Fun is overrated
Because I began my career as a music teacher, I’m sensitive to pressure from parents to make learning “fun.”
Learning an instrument (or anything) can be enjoyable, satisfying, and invigorating. It can also be frustrating, overwhelming, and exhausting, even when it’s going well and you love what you’re doing.
Yes, learning can be fun, too. But it isn’t inherently fun, and fun is not the goal.
To try to make things fun for kids all the time is sort of like feeding them sweet snacks constantly. It doesn’t allow them to develop a taste for anything else. And yet, even young children have a surprising capacity to appreciate other flavors.
Learning doesn’t have to be a curated experience designed to make math or reading or French seem like an episode of a kid’s favorite TV show. Learning can be like life — a buffet of interesting options which may delight or challenge the palate.
When a teacher drives herself crazy trying to make each lesson fun (it is happening today in classrooms all over the place), she is actually cultivating disrespect. Her students can sense the desperate desire to please them and make the lessons relevant to their interests. This devalues the subject she’s teaching, along with the teacher herself.
Moreover, the teacher is also showing disrespect to the students, believing that they only care about fun. In fact, students care about their own growth and learning if they’re given an opportunity and a context to do so. That doesn’t happen in a classroom that’s trying to be a carnival.
Ironically, the harder we try to make something fun, the less fun it actually is. It’s like a protein bar that is meant to seem like a candy bar. They have the same chocolate coating, but when you bite into a protein bar expecting a candy bar experience, it’s a big disappointment.
Even worse, once students become habituated to expect fun and thrills in the classroom, it takes more to satisfy them. “What else have you got?” If the teacher has expressed a commitment to make class fun and relevant to their lives, the students end up calling the shots, and nothing is good enough for them.

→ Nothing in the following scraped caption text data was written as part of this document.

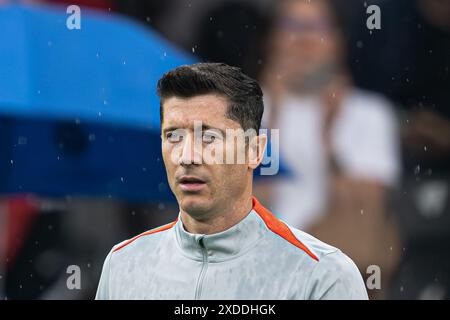 Berlin, Allemagne. 21 juin 2024. Robert Lewandowski, de Pologne, regarde avant le match de l'UEFA Euro 2024 Groupe d entre la Pologne et l'Autriche à Berlin, en Allemagne, le 21 juin 2024. Crédit : Xiao Yijiu/Xinhua/Alamy Live News Banque D'Images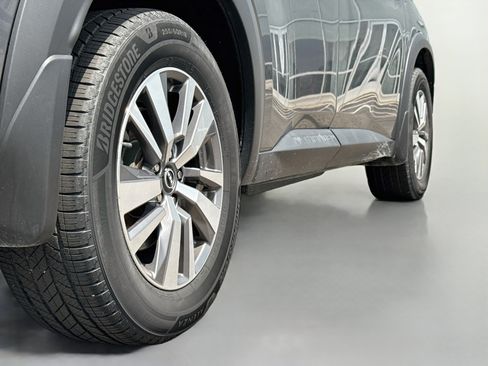 Used 2022 Nissan Pathfinder SL AWD/4WD image 17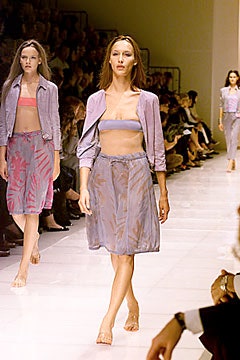 Giorgio Armani S/S 00 Look 32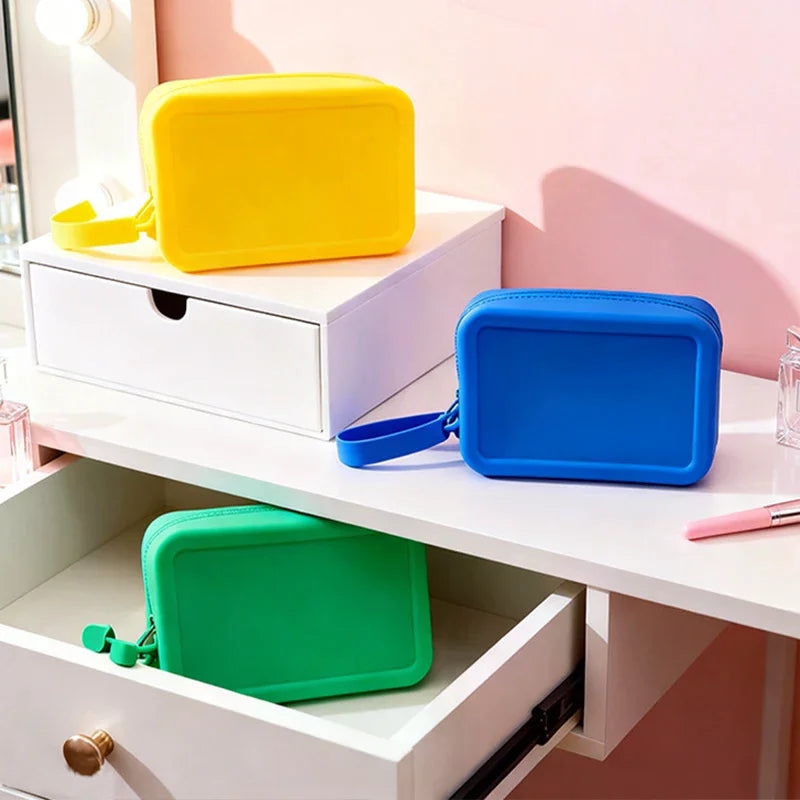 Silicone Travel Makeup Bag – Organizer, Coin Wallet & Key Pouch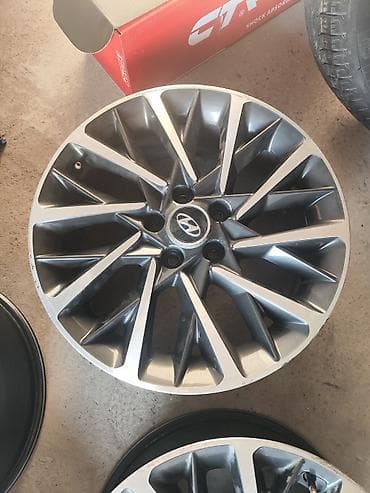 диски для сонаты: Литые Диски R 18 Hyundai, Комплект, отверстий - 5, Б/у — 2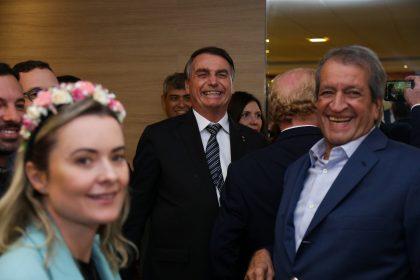 Valdemar incentiva atos golpistas a favor de Bolsonaro: ‘Fica firme. Vamos ajudar vocês’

The sad part is, this isn’t what the students want. They love to be challenged when they believe that they have the tools to succeed. Some of my best experiences as a teacher and student were in the midst of intense work. There was nothing fun about them in the conventional sense, and yet everyone involved was fully engaged. When you care about what you’re doing and can see the progress you’re making, it’s hugely motivating — no fun required.
Kids don’t need to be entertained all the time, and teachers cannot compete with the quality of the entertainment that’s available these days, anyway. Instead, we can awaken and inspire students to take an active role in their learning and their lives. There can always be touches of the unexpected to lend a sense of fun and playfulness to the proceedings. But the fun is not the main course.